**EXERCISE GOAL**
Nothing in the data may be altered; copy it all exactly.

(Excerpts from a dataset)

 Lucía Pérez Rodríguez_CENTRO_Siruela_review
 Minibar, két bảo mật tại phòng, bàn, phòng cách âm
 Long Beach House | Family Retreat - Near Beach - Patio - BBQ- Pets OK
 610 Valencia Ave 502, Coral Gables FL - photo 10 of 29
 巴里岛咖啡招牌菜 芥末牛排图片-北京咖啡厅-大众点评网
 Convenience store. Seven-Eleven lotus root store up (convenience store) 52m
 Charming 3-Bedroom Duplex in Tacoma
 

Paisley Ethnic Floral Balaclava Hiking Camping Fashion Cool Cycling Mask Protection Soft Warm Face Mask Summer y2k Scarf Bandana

**ANSWER SPACE**
 Lucía Pérez Rodríguez_CENTRO_Siruela_review
 Minibar, két bảo mật tại phòng, bàn, phòng cách âm
 Long Beach House | Family Retreat - Near Beach - Patio - BBQ- Pets OK
 610 Valencia Ave 502, Coral Gables FL - photo 10 of 29
 巴里岛咖啡招牌菜 芥末牛排图片-北京咖啡厅-大众点评网
 Convenience store. Seven-Eleven lotus root store up (convenience store) 52m
 Charming 3-Bedroom Duplex in Tacoma
 

Paisley Ethnic Floral Balaclava Hiking Camping Fashion Cool Cycling Mask Protection Soft Warm Face Mask Summer y2k Scarf Bandana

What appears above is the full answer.